While all the shouting goes on about the Office of Management and Budget's A-122 Circular, which limits political advocacy by recipients of federal largess, another initiative that raises the hackles of liberal organizations is being retooled and readied for a return appearance later this year.

OMB spokesman Edwin L. Dale Jr. said yesterday that draft legislation to limit awards for attorneys fees in cases brought against the federal, state and local governments will be resurrected this year and that the OMB expects little trouble in finding a sponsor on Capitol Hill.

Last year's version of the bill prohibited the award of attorneys' fees unless "a party clearly and substantially prevailed on the merits of the controversy," and required that the first 25 percent of any award be paid out of the award for monetary damages, if such an award were made.

MORE ON A-122 . . . Among the throng trooping up to the witness table at a House Government Operations subcommittee hearing on the controversial circular yesterday was Comptroller General Charles A. Bowsher.

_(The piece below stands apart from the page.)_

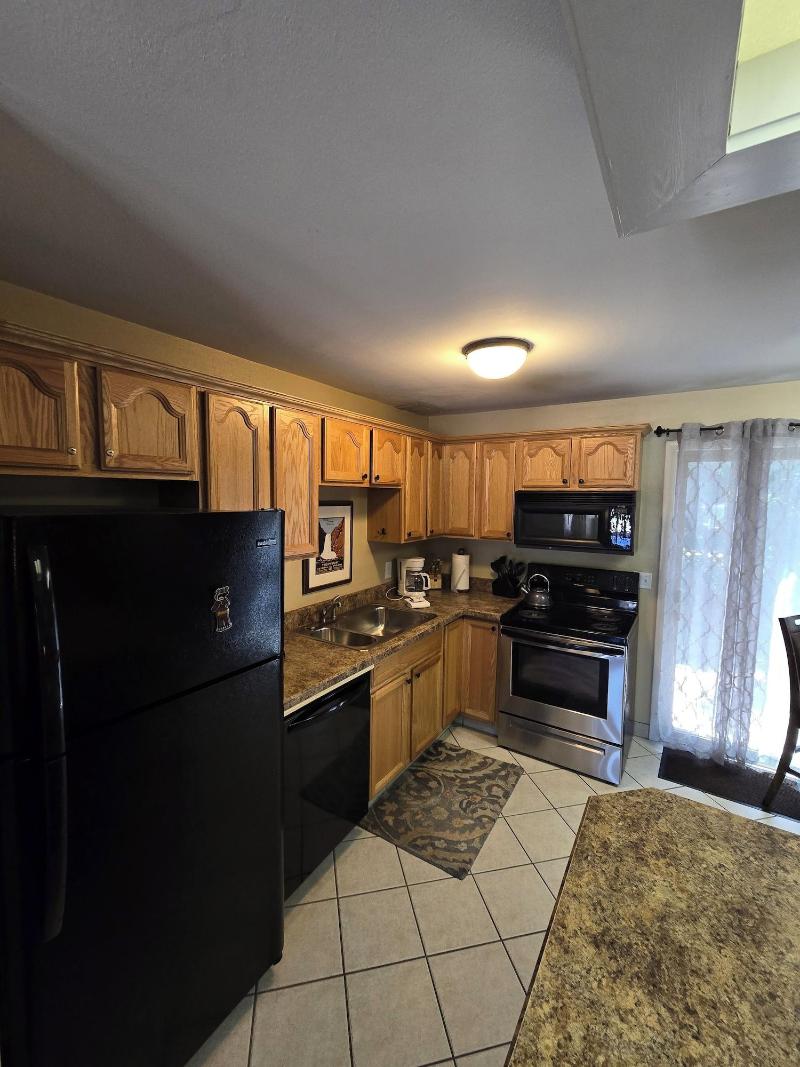 Chateau Rouge Condominiums image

Like most of those present, he didn't like the OMB's proposal. His testimony was of interest, however, because the OMB had cited a variety of General Accounting Office recommendations in documents supporting the proposal.

"In essence," Bowsher's prepared statement said, "grantees and contractors will be penalized for having individuals engaged in political advocacy doing any work otherwise properly chargeable to a grant or contract. We have serious reservations concerning the legal enforceability of these penalty provisions as well as their desirability from a policy standpoint."

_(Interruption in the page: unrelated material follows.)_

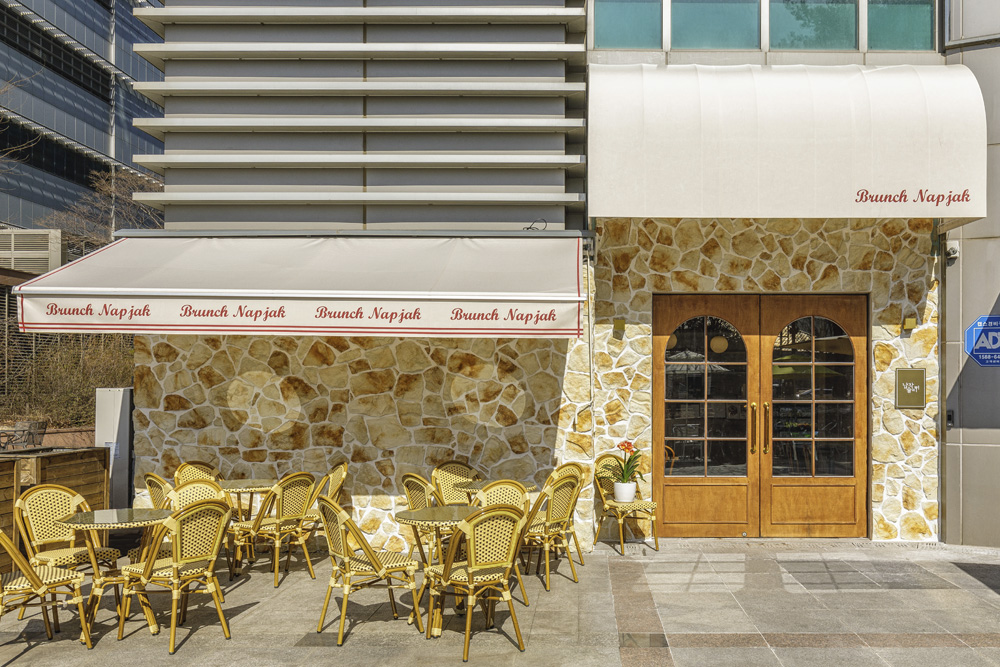 12 平温馨舒适餐厅翻新设计-2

ENDANGERED EXECUTIVE ORDER? . . . The legal backbone of the Reagan administration's regulatory review process has been Executive Order 12291, requiring cost-benefit analysis of most proposed regulations that are expected to cost the government, industry or the public more than $100 million annually.

Those who oppose the order feel it has been dealt a significant blow by U.S. District Court Judge John H. Pratt's recent decision invalidating the administration's withdrawal of a rule requiring liquor manufacturers to list the contents of beer, wine and distilled spirits on bottle labels.

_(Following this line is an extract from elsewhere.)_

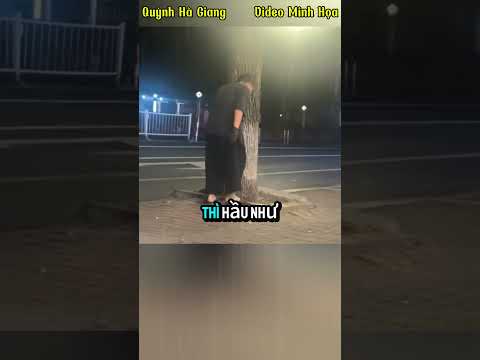 Hành Động Lạ Của Người Bán Hàng | Quỳnh Hà Giang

Bruce Silverglade, an attorney for the Center for Science in the Public Interest, which brought the successful suit, pointed out that Pratt's decision says, "Whatever the consideration given to costs and benefits, an agency may not substitute its policy judgment for the judgment that has already been articulated by Congress." In effect, Silverglade said, the decision undermines the principle of the executive order.

So far the OMB, which administers the executive order, says it isn't worried. Dale said yesterday that three agency attorneys have said "the judge's decision does not create any problems for the general carrying out of 12291 . . . ."

ARRIVEDERCI . . . Jim J. Tozzi, the 19-year veteran of the bureaucracy whose role in reviewing federal regulations has made other bureaucrats gnash their teeth, has told his staff in the Office of Information and Regulatory Affairs that he will be leaving before the end of this year.

Where's he going? "It's not completely locked up yet," Tozzi, the office's deputy administrator, said yesterday. "Mrs. Tozzi has advised me I'm staying in Washington." Before coming to town in 1964, Tozzi, a Ph.D. in economics and business administration, taught at Tulane University.